La commission d'enquête pakistanaise, qui insiste sur la "négligence" des autorités locales, estime ne pas être en mesure de prouver qu'il y ait eu complicité de certains éléments renégats de l'armée et des services de renseignement.
Neuf ans au Pakistan, un chapeau de cow-boy pour se cacher
Selon des proches, Oussama Ben Laden est arrivé au Pakistan au printemps ou à l'été 2002, un an à peine après l'assaut des forces occidentales contre l'Afghanistan voisin où il était protégé par le gouvernement des Taliban. Après avoir réussi à échapper à la bataille de Tora Bora, en décembre 2001, il a passé la frontière afghano-pakistanaise et ne l’a plus refranchie. Il est resté neuf ans au Pakistan, pays allié des États-Unis dans leur "guerre contre le terrorisme" mais accusé par des responsables à Washington de jouer un double jeu dans cette affaire.
Le chef d'Al-Qaïda a brièvement séjourné au Sud-Waziristan puis dans les zones tribales pakistanaises de l'agence de Bajaur, avant de rejoindre la vallée de Swat puis la ville d'Haripur, dans le Nord. Au mois d'août 2005, l'homme le plus recherché de la planète a été transféré avec sa famille - nombreuse - dans une résidence d'Abbottabad, verte cité militaire située à moins de 100 kilomètres au nord de la capitale, Islamabad. Il ne sortait pas de l'enceinte de la villa et "portait un chapeau de cow pour éviter d'être repéré depuis les airs [par des drones ou des satellites, ndlr], selon le rapport.
La résidence où a vécu Ben Laden se situait aussi à environ un kilomètre de l'académie Kakul, équivalent pakistanais du West Point américain ou du Saint-Cyr français, une école militaire prisée et très surveillée par les autorités locales. "Que le voisinage, les responsables locaux, la police, les forces de sécurité et les services de renseignement n'aient pas porté attention à la forme étrange de l'immeuble, sa dimension, ses barbelés, l'absence de voitures ou de visiteurs pendant six ans dépasse tout simplement l'entendement", note le rapport pakistanais.
"Ce niveau d'incompétence, pour rester poli, est stupéfiant pour ne pas dire incroyable. Au moins 25 personnes vivaient dans cette maison mais, selon un recensement local, la demeure était inhabitée", tonne le rapport. La thèse selon laquelle Oussama Ben Laden et sa famille ont survécu des années grâce à l'aide d'un réseau minimaliste de soutien, et faisant profil bas, est aussi incongrue", souligne le rapport très attendu des autorités civiles pakistanaises.
"Les États-Unis ont agi comme une bande de voyous"
Juste après le raid du 2 mai 2011 contre le repaire de Ben Laden, le directeur de l'époque de la CIA, Leon Panetta, avait affirmé que Washington n'avait pas informé le Pakistan à l'avance de cette mission par peur de fuites.
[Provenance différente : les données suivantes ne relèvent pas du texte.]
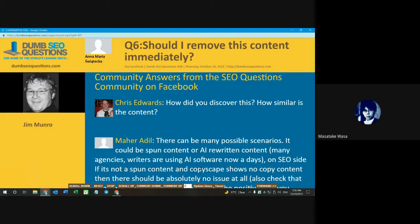Also check for images, if there are any, because sometimes you might get away with text being slightly different, but if you use the same main image, then a DMCA will go through.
Cet assaut d'un commando américain en sol pakistanais avait été considéré comme une violation de la souveraineté nationale au "pays des purs". Il s'agit à cet égard d'une "tragédie nationale", voire d'un "acte de guerre américain contre le Pakistan", estime le rapport de la commission pakistanaise. Les États-Unis ont agi comme une bande de voyous", estime la Commission Abbottabad.
Deux ans après ce raid, Oussama Ben Laden reste un sujet tabou pour les autorités pakistanaises qui ont toujours affirmé ne pas avoir été prévenues de cette attaque ciblée contre la tanière du chef d'Al-Qaïda qui a d'ailleurs été détruite l'année suivante.